Storm characteristics, habitat type and habitat coverage within a storm’s floodplain influence overall contribution to nitrogen removal. Flooded landscapes were less effective at removing nitrogen during high-wind, high-precipitation events. In general, natural habitats like marshes and swamp forests were more effective at removing nitrogen than urban habitats like lawns and stormwater ponds.

Although the importance of these urban habitats cannot be discounted, the stormwater pond sampled in this study was part of a restored wetland and likely removes a considerable amount of nitrogen during low-precipitation and low-wind storm events. Swamp forests, an abundant floodplain habitat, made the largest contribution to removing nitrogen from the water during every type of storm, making them a valuable habitat for maintaining water quality.

“These differences in processing suggest that abundance and spatial distributions of these habitats within a floodplain can influence overall nitrogen removal capacity at the watershed scale,” said Smiley. “Understanding nitrogen removal capabilities and limitations of flooded natural coastal habitats as well as those urban landscapes that will become more and more prevalent, will enable us to make informed management decisions to benefit the integrity of our coastal waters.”

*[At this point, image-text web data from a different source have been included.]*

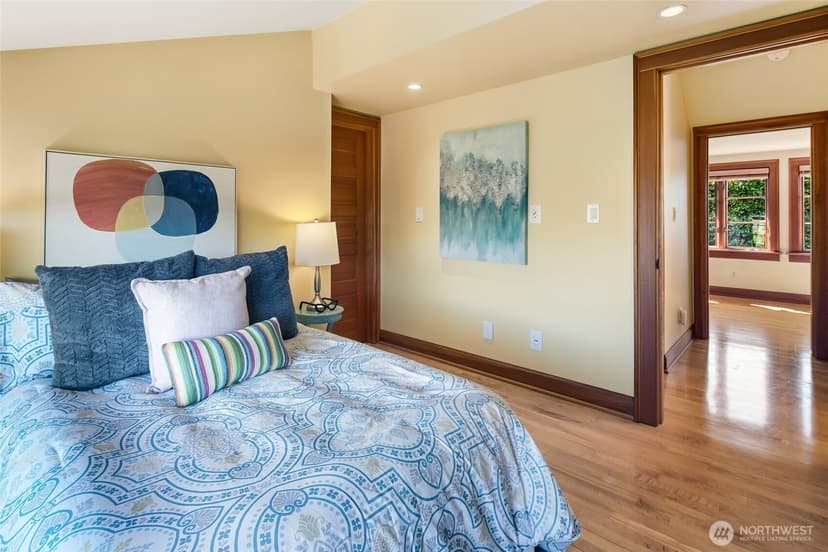 Property photo for 2217 Federal Avenue E, Seattle photo 21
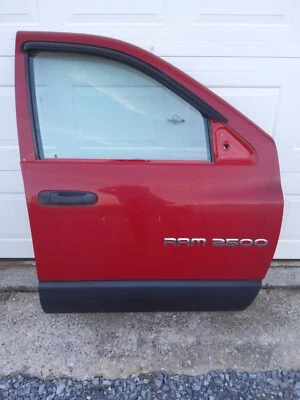 Dodge Ram 2003 2004 lado del pasajero puerta delantera derecha roja 1500 2500 3500 Foto 1 de 4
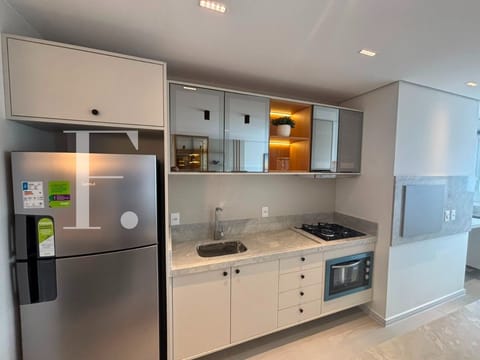 Apartamento com 68m², 2 dormitórios, 2 suítes, 2 vagas, Del Paine em Capão da Canoa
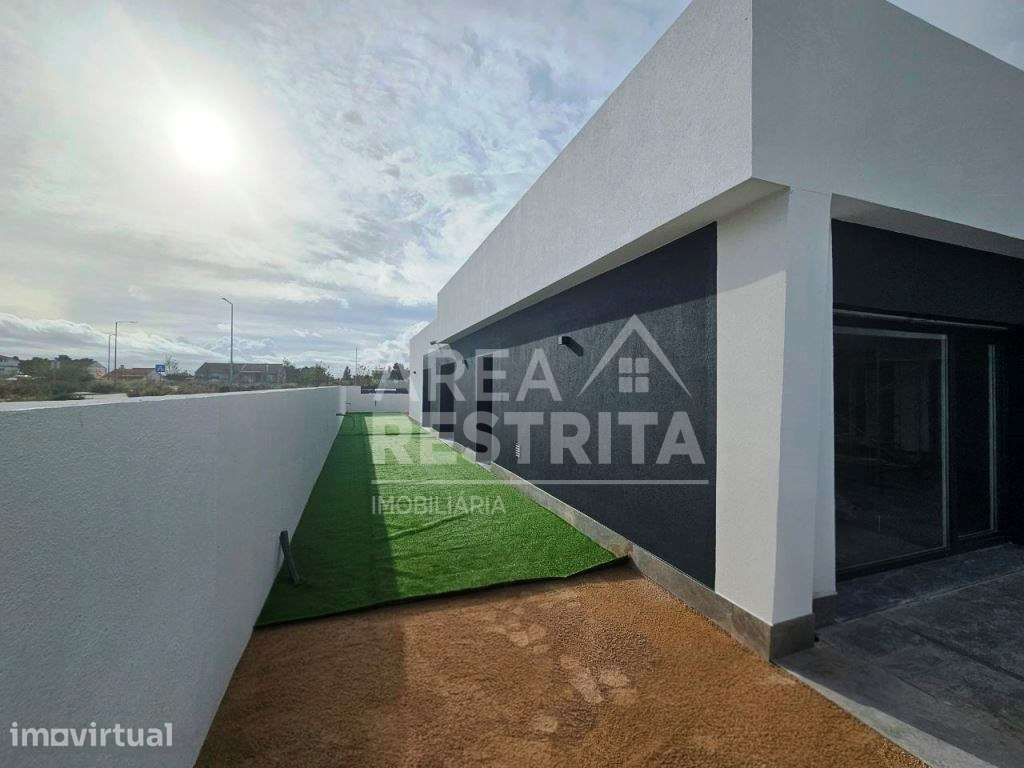 Moradia Isolada T3, c/Piscina e Garagem, em Azeitão - Grande imagem: 5/35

“Anne’s work has advanced our understanding of the value of natural systems like marshes in urbanized areas,” said  Mike Piehler , a co-author and professor, director of the UNC Institute for the Environment and chief sustainability officer at Carolina. “This information is already informing land use decisions in North Carolina’s coastal communities and has broad application beyond our state. I am so excited for Anne to have this great paper from her dissertation published in an excellent journal.”

Read the full paper in  Natural Hazards and Earth System Sciences .

See climate’s impact on algae to zoos in Carolina Digital Repository’s curation of open access articles.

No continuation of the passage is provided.